SpaceDrive：Infusing Spatial Awareness into VLM-based Autonomous Driving

Paper Title: SpaceDrive: Infusing Spatial Awareness into VLM-based Autonomous Driving

Paper Link: https://arxiv.org/abs/2512.10719

Project Page: https://zhenghao2519.github.io/SpaceDrive_Page/

Authors: Peizheng Li, Zhenghao Zhang, David Holtz, Hang Yu, Yutong Yang, Yuzhi Lai, Rui Song, Andreas Geiger, Andreas Zell

Affiliations: Mercedes-Benz AG, University of Tübingen, Tübingen AI Center, TU Munich, Karlsruhe Institute of Technology, University of Stuttgart, UCLA

Abstract

Vision-Language-Action Models (VLAs) are emerging as a new paradigm for end-to-end autonomous driving, leveraging their strong generalization and semantic understanding capabilities. However, existing 2D VLM-based driving systems exhibit significant shortcomings in handling fine-grained 3D spatial relationships, which are core requirements for spatial reasoning and trajectory planning. To address this, Mercedes-Benz and the University of Tübingen jointly propose SpaceDrive, a spatially-aware VLM-based autonomous driving framework. Its core innovation lies in abandoning the conventional VLM approach of treating coordinate values as text tokens, and instead introducing 3D Positional Encoding (PE) as a universal spatial representation. Specifically, SpaceDrive first explicitly fuses visual tokens with 3D PE in the feature space. It then uses the same universal 3D PE to replace the corresponding coordinate text tokens in the prompt, serving as the interface for the foundation model’s input and output. Furthermore, SpaceDrive employs a regression decoder instead of a classification head to predict planned trajectory coordinates, circumventing the inherent limitations of language models in numerical processing. Experiments show that compared to existing VLM/VLA methods, SpaceDrive achieves state-of-the-art (SOTA) performance in open-loop evaluation on nuScenes and ranks second in the closed-loop Bench2Drive evaluation with a driving score of 78.02, significantly improving planning geometric accuracy and safety.

Core Insights

Current VLM applications in autonomous driving face two fundamental limitations that constrain their potential as general driving agents:

Disconnect between 2D Semantics and 3D Geometry: VLMs are primarily pre-trained on large-scale 2D image-text pairs, leading to a severe lack of 3D spatial priors. This results in ambiguous scene descriptions and defective spatial reasoning capabilities.
Defects of Numerical Tokenization: In language models, coordinates are typically decomposed digit-by-digit into characters or numbers (e.g., “3.82” becomes “3”, “.”, “8”, “2”). This process essentially fits the joint distribution of tokens rather than performing numerical computation. It ignores the continuous, neighboring structure of numerical values (e.g., “3.72” is closer to “3.82” than “3.12”) and averages the importance of tokens from different digit positions (e.g., equal loss weight for “3” and “2” in “3.82”), fundamentally limiting the accuracy and stability of continuous numerical prediction.

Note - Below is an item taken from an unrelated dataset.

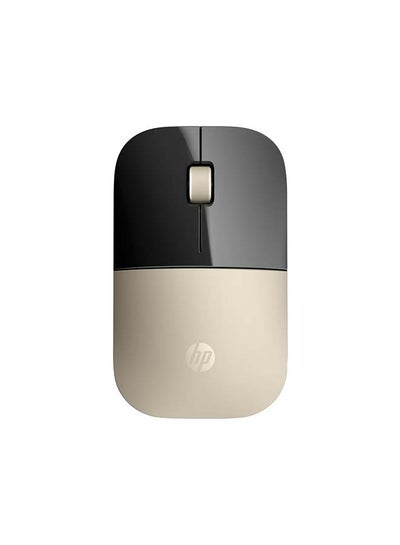 Buy Wireless Mouse Black in Saudi Arabia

Existing VLM-based planners often overlook these issues or resort to training specific embeddings/queries for particular tasks to predict coordinates, making them difficult to transfer to upstream reasoning or other tasks.

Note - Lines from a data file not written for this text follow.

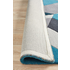 Rug Culture Matrix Medium Saffron Rug 225X155CM - MTX-902-SAF-225X155 image NaN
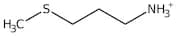 3-Methylthio-1-propylamine, 97%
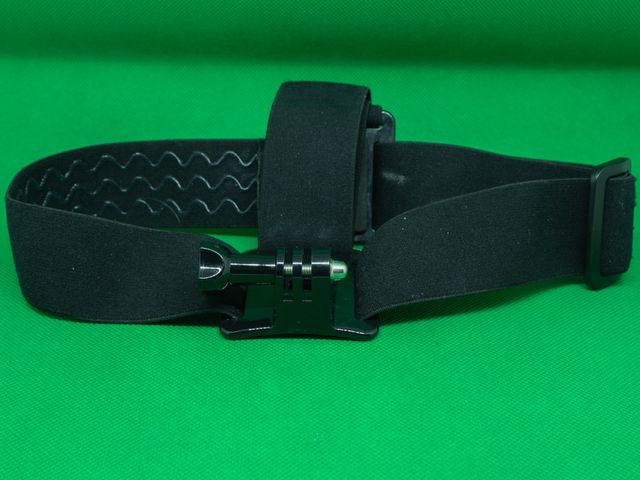 GoPro Hero5 Black + Kit Sportivo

However, the Positional Encoding (PE) within the Transformer architecture inherently handles positional relationships between tokens, which can be viewed as spatial relationships between semantic features. Inspired by this, SpaceDrive replaces textual numerical tokens with an explicit, unified 3D Positional Encoding. This converts coordinate descriptions into a unified representation that is computable, alignable, and directly usable by attention mechanisms, thereby enhancing the system’s spatial reasoning and trajectory planning capabilities.

Method

The core of the SpaceDrive framework is its unified spatial interface:

Visual Side: A frozen depth estimator obtains absolute depth for each image patch, which is projected to 3D coordinates. These coordinates are then encoded by a PE module and added to the corresponding visual tokens, yielding spatial-aware visual tokens.
Text Side: After tokenization, the text is scanned for coordinate expressions. Their numerical values are parsed and encoded by the same PE encoder to produce spatial tokens, which replace the original sequence of number tokens. A special prefix indicator ⟨IND⟩ marks these tokens.
Output Side: The language head generates text normally. When ⟨IND⟩ is generated, the subsequent hidden state is fed into a PE decoder to directly regress 3D/BEV coordinates, replacing the digit-by-digit generation of numbers.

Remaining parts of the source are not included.